The Board of Directors shall have the power and duty to
determine for the purposes of this Article TWELFTH on the basis of
information known to the Corporation (i) whether any corporation,
person, or other entity beneficially owns more than 5% of the
outstanding shares of stock of the Corporation, (ii) whether any
corporation, person or entity is an "affiliate" or "associate" (as
defined in Article ELEVENTH) of another; (iii) whether a Special
Business Combination has been proposed, (iv) the fair value of any
consideration other than cash to be received by holders of shares
of any class or series of Voting Shares in a Special Business
Combination; and (v) any other relevant facts necessary to
determine the applicability of any provision of this Article
TWELFTH to a Special Business Combination. Any such determination
shall be conclusive and binding for all purposes of this Article
TWELFTH.
For the purposes of this Article TWELFTH, the term
"Interested Shareholder" is defined as the beneficial owner,
directly or indirectly (including shares deemed owned by an
"affiliate" or "associate" of such person as described in Article
ELEVENTH), of more than 5% of the outstanding shares of stock of
the Corporation.
No amendment to this Restated Certificate of
Incorporation shall amend, alter, change or repeal any of the
provisions of this Article TWELFTH, unless the amendment effecting
such amendment, alteration, change or repeal shall receive the
affirmative vote of the holders of at least a majority of the
voting power of each class of capital stock of the Corporation;
provided, however, that if on the record date for the meeting at
which such proposed action is submitted to shareholders there is an
Interested Shareholder who has proposed a Special Business
Combination, or on whose behalf a Special Business Combination has
been proposed, then the votes of such Interested Shareholder and
its affiliates and associates shall not be counted in calculating
the requisite vote for approval of the proposed action.

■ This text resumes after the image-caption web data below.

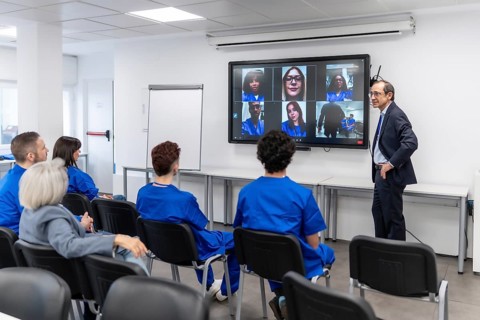 Healthcare professor giving a lecture to a group of young students and remote attendees in an e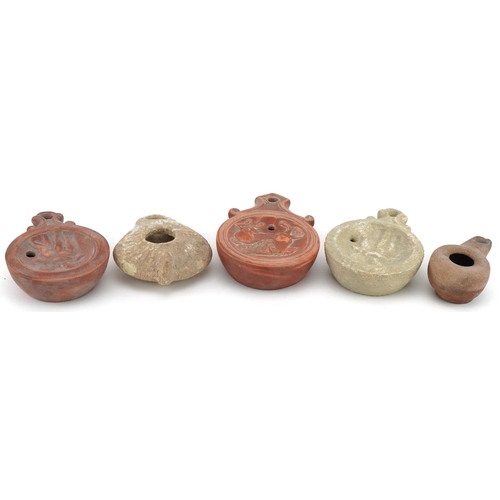 419 - Five Roman style terracotta and pottery oil lamps, the largest 11.5cm in length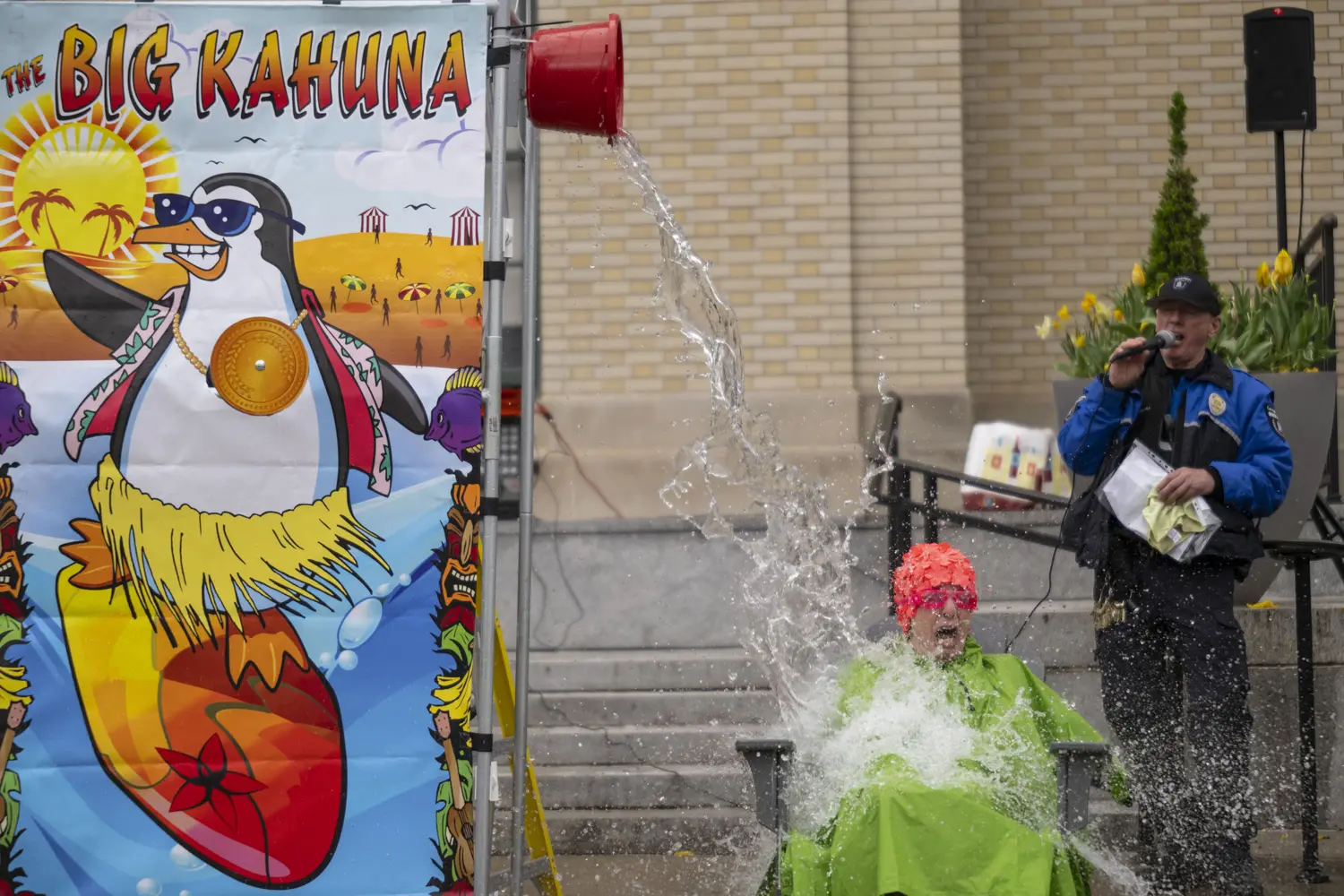 CFA Dean Mary Ellen Poole gets doused with water for a good cause.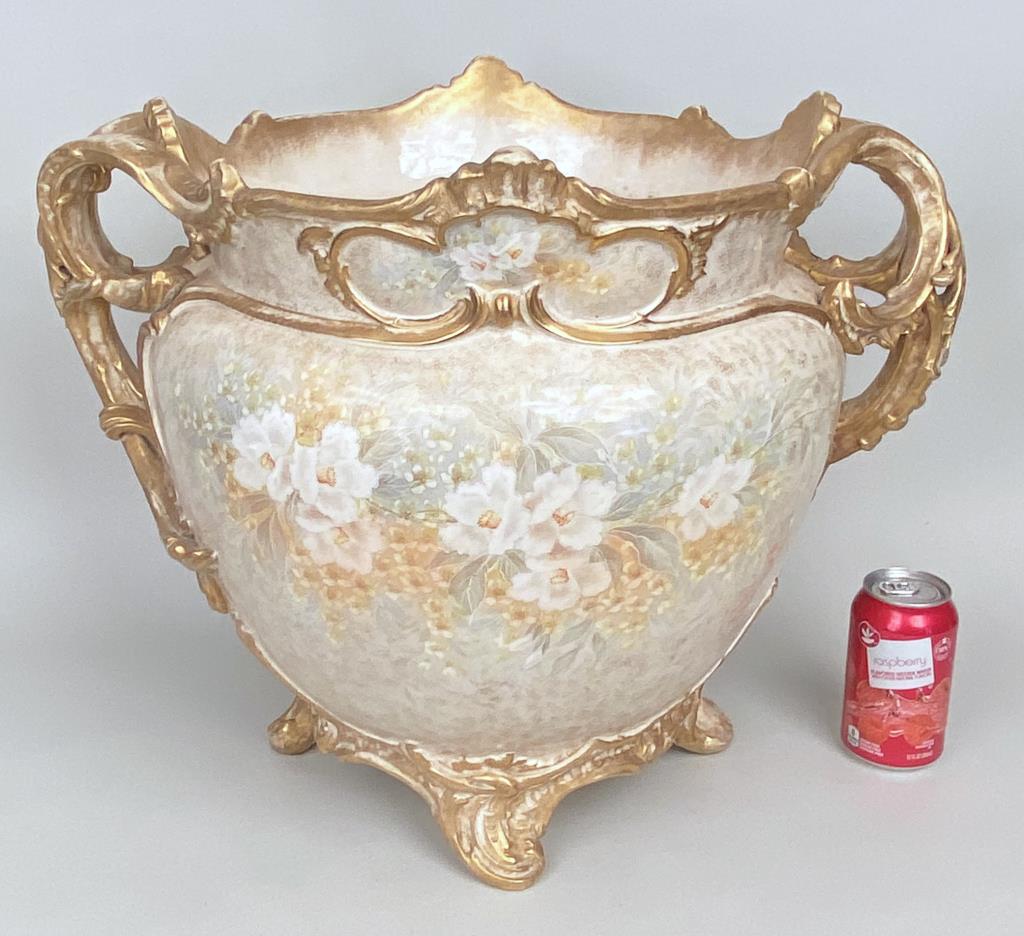 Royal Bonn Porcelain Jardiniere: 17" high, 22" wide, 17" deep. Soiling to interior, crazing chip on one handle.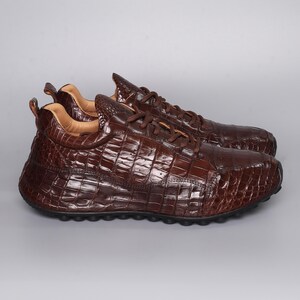 Puede incluir: Un par de zapatillas de cuero marr&oacute;n con textura de piel de cocodrilo. Los zapatos tienen cordones y una puntera redondeada. Las suelas son negras y el interior es de un marr&oacute;n m&aacute;s claro. Las zapatillas se muestran sobre un fondo gris.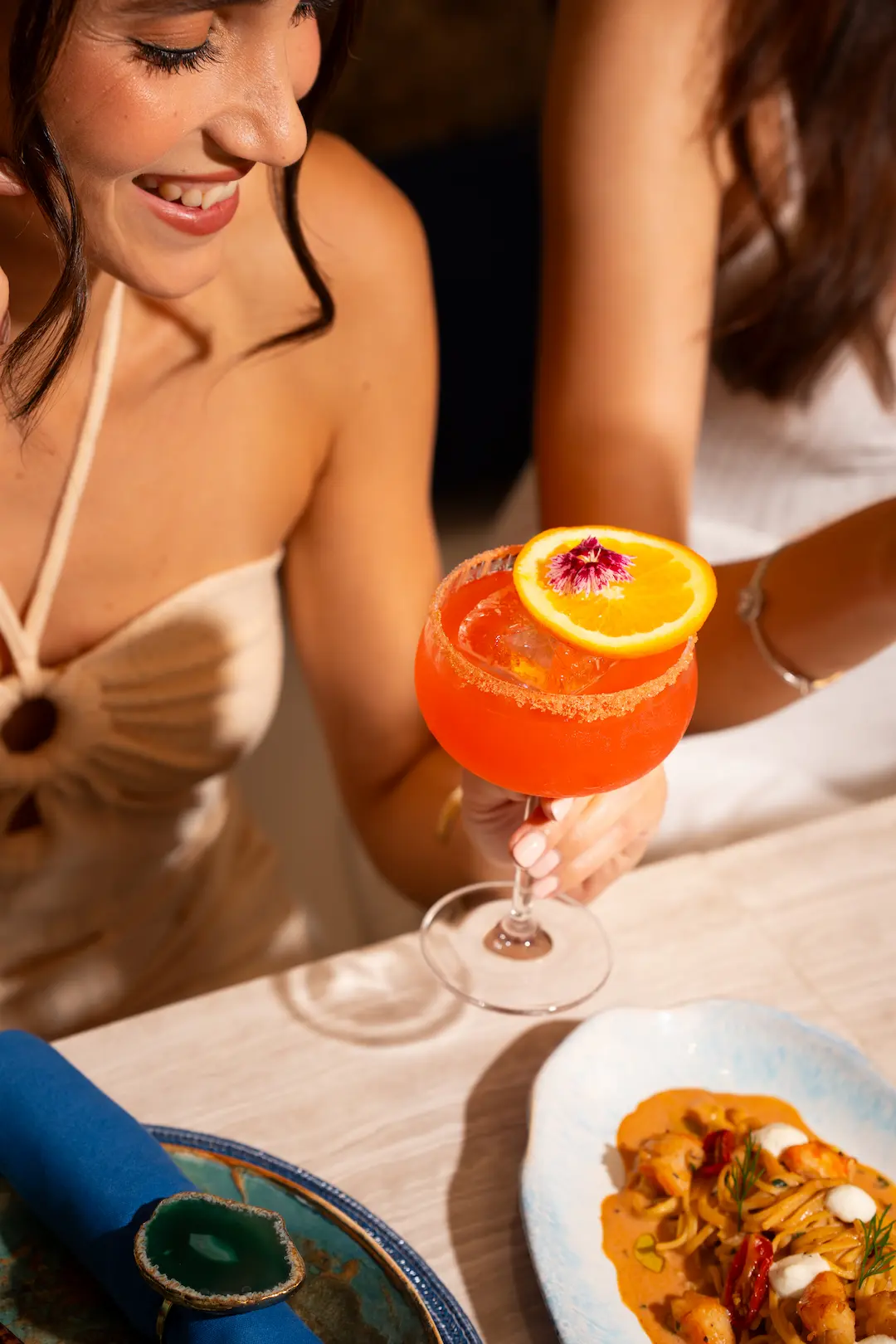 View rooftop's signature orange cocktail garnished with orange and an edible flower, Bangkok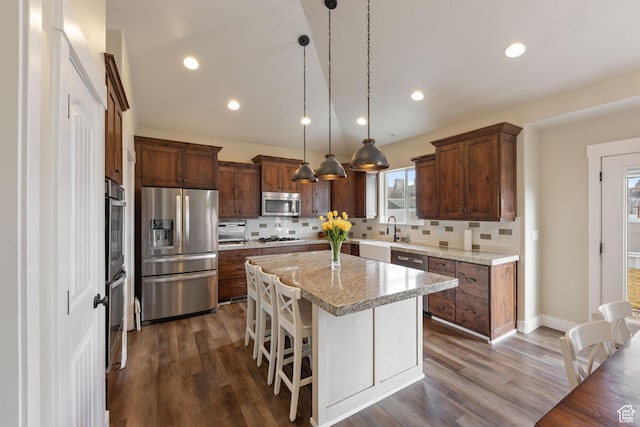 kitchen featuring hanging light fixtures, a kitchen breakfast bar, stainless steel appliances, and a center island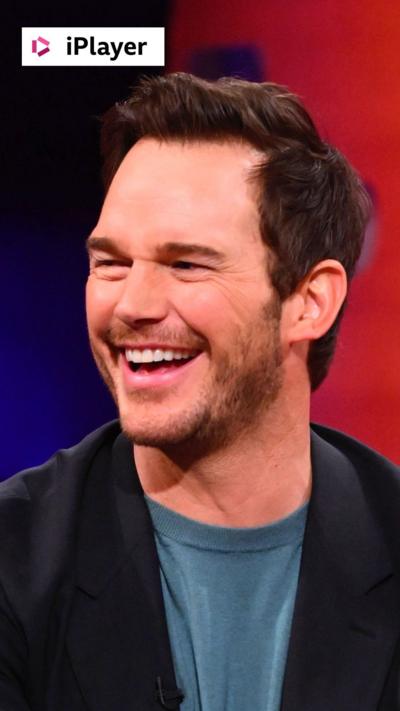 Actor Chris Pratt smiles - he has short brown hair and wears a dark jacket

THIRTEENTH: Except as expressly permitted in the next
succeeding paragraph of this Article THIRTEENTH, any purchase by
the Company, or any Subsidiary (as hereinafter defined), of shares
of Voting Stock (as hereinafter defined) from a 5% Shareholder (as
hereinafter defined) at a per share price in excess of the Market
Price (as hereinafter defined) at the time of such purchase of the
shares so purchased shall require the affirmative vote of the
holders of that amount of the voting power of the Voting Stock
equal to the sum of (i) the voting power of the shares of Voting
Stock of which the 5% Shareholder is the beneficial owner (as
<PAGE>
hereinafter defined) and (ii) a majority of the voting power of the
remaining outstanding shares of Voting Stock, voting together as a
single class.
The provisions of the first paragraph of this Article
THIRTEENTH shall not be applicable to any purchase of shares of
Voting Stock pursuant to (i) an offer, made available on the same
terms, to the holders of all of the outstanding shares of the same
class of Voting Stock as those so purchased or (ii) a purchase
program effected on the open market and not as a result of a
privately-negotiated transaction.
For the purposes of this Article THIRTEENTH:
(i) A "person" shall mean any individual firm,
corporation or other entity.
(ii) "Voting Stock" shall mean the outstanding shares of
all classes of capital stock of the Company entitled to vote
generally in the election of directors.
(iii) "5% Shareholder" shall mean any person (other than
the Company or any Subsidiary) who or which:
(a) is the beneficial owner, directly or indirectly,
of more than 5% of the voting power of the outstanding
shares of Voting Stock; or
(b) is an affiliate (as such term is defined in
Article ELEVENTH) of the Company and at any time within
the two-year period immediately prior to the date in
question was the beneficial owner, directly or
indirectly, of more than 5% of the voting power of the
then outstanding shares of Voting Stock; or
(c) is an assignee of or has otherwise succeeded to
any shares of Voting Stock which were at any time within
the two-year period immediately prior to the date in
question beneficially owned by any 5% Shareholder, if
such assignment or succession shall have occurred in the
course of a transaction or series of transactions not
involving a public offering within the meaning of the
Securities Act of 1933.
(iv) A person shall be a "beneficial owner" of any shares
of Voting Stock:
(a) which such person or any of its affiliates or
associates (as such term is defined in Article ELEVENTH)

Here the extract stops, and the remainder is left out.